The system can also automatically stop machine hydraulics with auto-shutdown.

“This is a huge supplement to cameras, and very relevant if they’ve got a boom or something that could potentially reach a power line,” Burney says. “The ability to stop movement is critical for side booms, excavators, and machines that aren’t moving heavy loads.”

The system begins detecting at 110 volts AC. The proximity alarm is placed on the boom, and its sensors report to a control module inside the cab. If a job calls for working in close proximity to the power line, the alarm can also be set within a preset distance.

Trimble Earthworks AR camera view.

Augmented reality (AR) platforms such as Trimble Earthworks combine a digital space with the physical worksite. When used with an on-cab camera, operators can see virtual design elements—such as avoidance zones—superimposed over the real site.

“This allows operators to visualize the design in relation to the site,” says Cameron Clark, earthmoving industry director at Trimble. “If they are in the cab of the excavator and they look around or rotate the machine, they can see what they have to build and how it relates to the ground as it stands today.”

With AR, operators are also able to determine the location of underground utilities with respect to their bucket. This provides more spatial knowledge, and shows an operator what the job requires before breaking ground.

“Instead of looking at a digital screen where you’re not sure where things are, you can superimpose these areas through the eyes of the operator using AR,” Clark says. “You can draw those areas through the camera and see exactly where they are on the ground.
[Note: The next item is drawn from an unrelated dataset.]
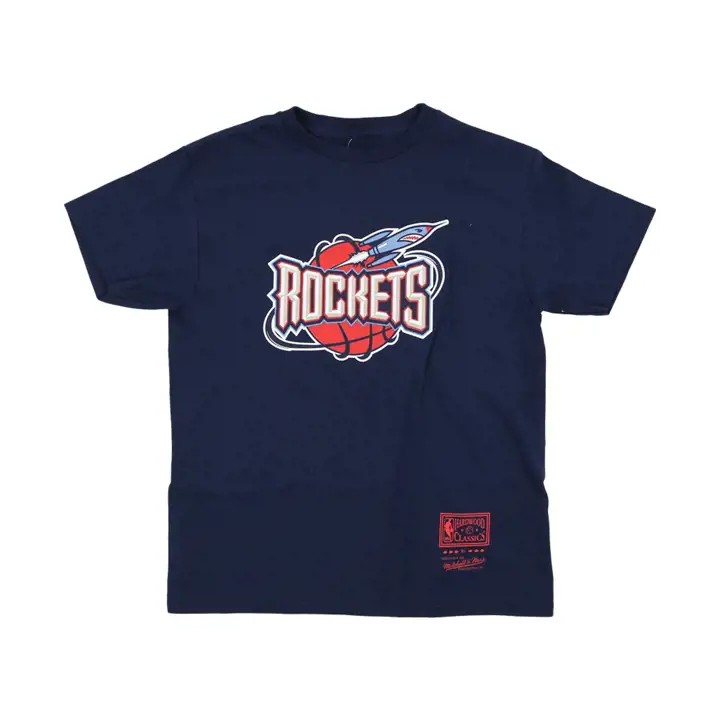 T-shirt bleu marine Houston Rockets NBA Youth Retro Logo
“If there’s a conflict in the design, or maybe something is just completely wrong...you have a way to visualize what the final product is. You can bring a lot more confidence.”

Trimble Earthworks also brings greater awareness around the bucket of the excavator.

“If an operator is working in a trench, a lot of the time you’ll see people in the trench laying pipes, and you’ll see excavator operators standing and looking down into the trench,” Clark says. “This is very dangerous because they’ll stand up, look over, sit back down, get up again, and a lot of the time they don’t actually disengage the hydraulics.”

If an operator accidentally bumps a lever in the cab, the boom can swing and potentially hit someone.

“With the camera on the machine you can actually see at a better angle into the trench without having to stand up and look over,” he says. “It provides another angle to see all around, and give greater awareness.”